* **Problem to solve**: Where the line containing "One of the most" appears in the entries below, start there and print only that line and every line after it, exactly, through the end, excluding pictures.

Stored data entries

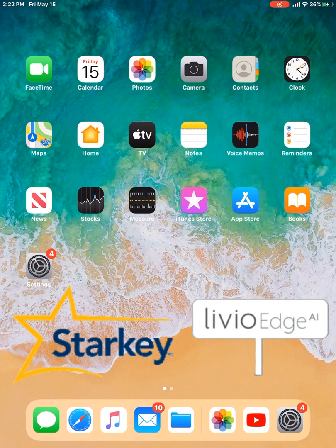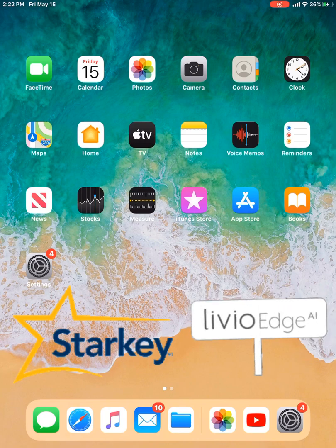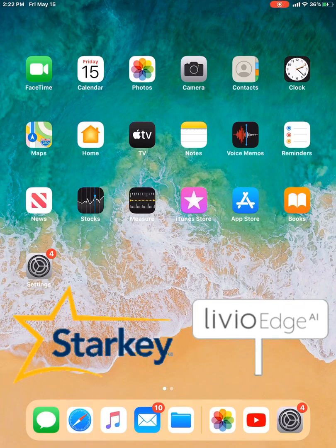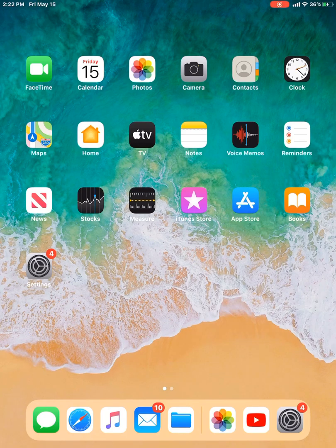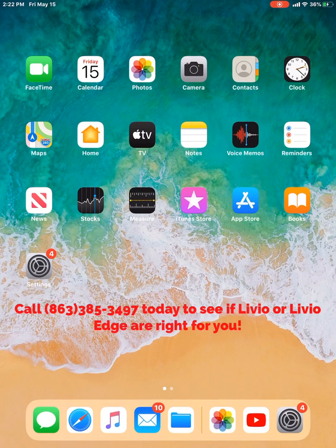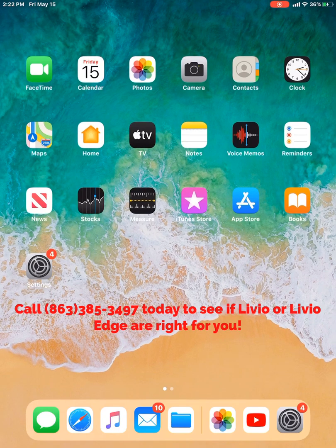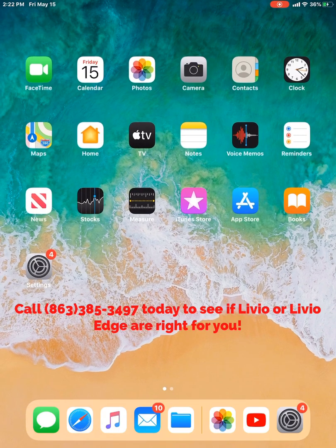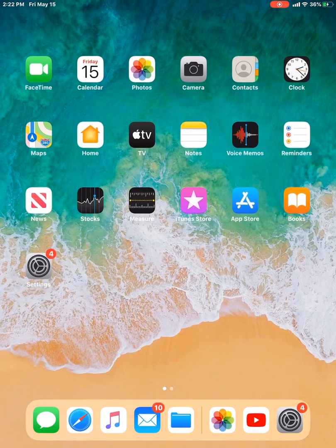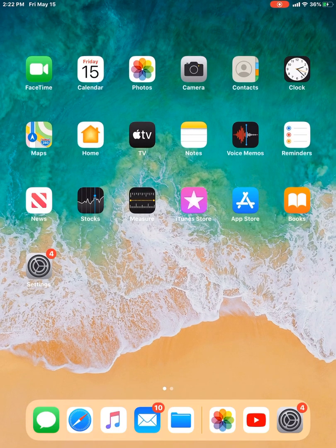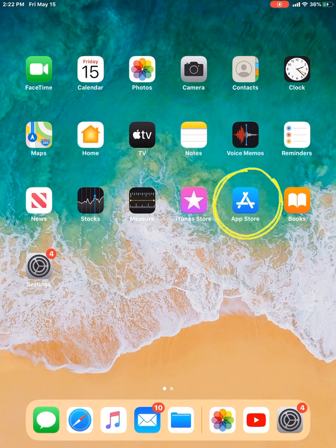So if you do not have either of those modeled hearing aids, contact your hearing health care professional and see if they're right for you. So I'm going to go into our app store, which is that little blue icon with the A. I'll tap that.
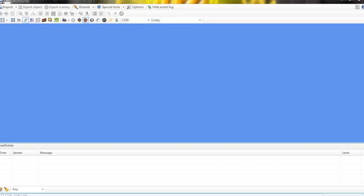Hello everyone, this is just a basic tutorial on how to convert a model from SketchUp into a model for Flight Simulator using Model Converter X.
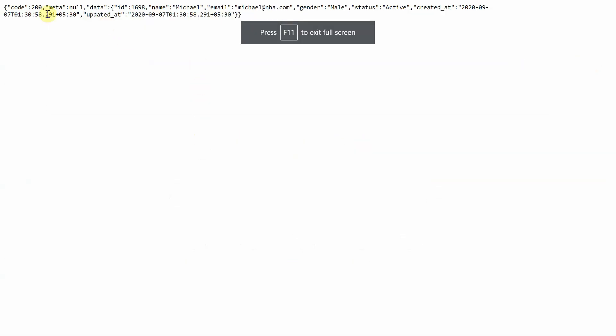And you can see that the name that I entered along with the email, gender, and status is there. So it means that the POST request that I invoke from my custom data action was able to create the user.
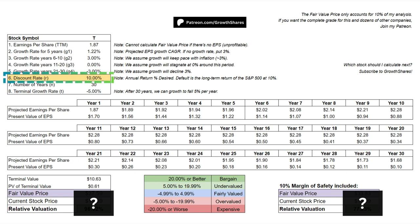One of the most subjective parts of the discounted cash flow analysis is the discount rate. Basically, this is the annual growth we desire to make this investment worth it. The default is set at 10%, which matches the long-term returns of the S&P 500. So let's say you desire a 20% return — the stock's fair price will need to be lower in order to achieve a higher return.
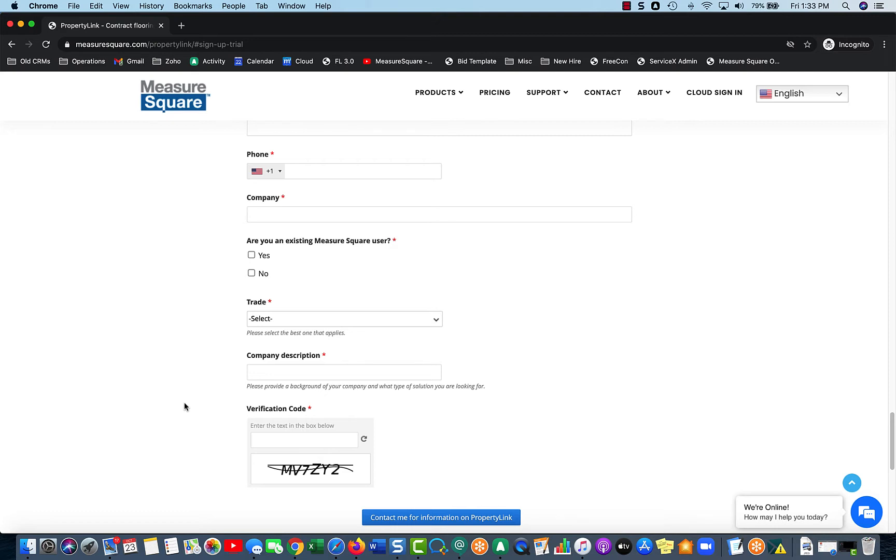So go ahead, fill this out, select Contact Me for Information on PropertyLink down here, and we will then send you the credentials in order to sign in for the first time, which will then walk you through how to set up your corporation, which will be our next step.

* **Result of this task**:
One of the most subjective parts of the discounted cash flow analysis is the discount rate. Basically, this is the annual growth we desire to make this investment worth it. The default is set at 10%, which matches the long-term returns of the S&P 500. So let's say you desire a 20% return — the stock's fair price will need to be lower in order to achieve a higher return.
So go ahead, fill this out, select Contact Me for Information on PropertyLink down here, and we will then send you the credentials in order to sign in for the first time, which will then walk you through how to set up your corporation, which will be our next step.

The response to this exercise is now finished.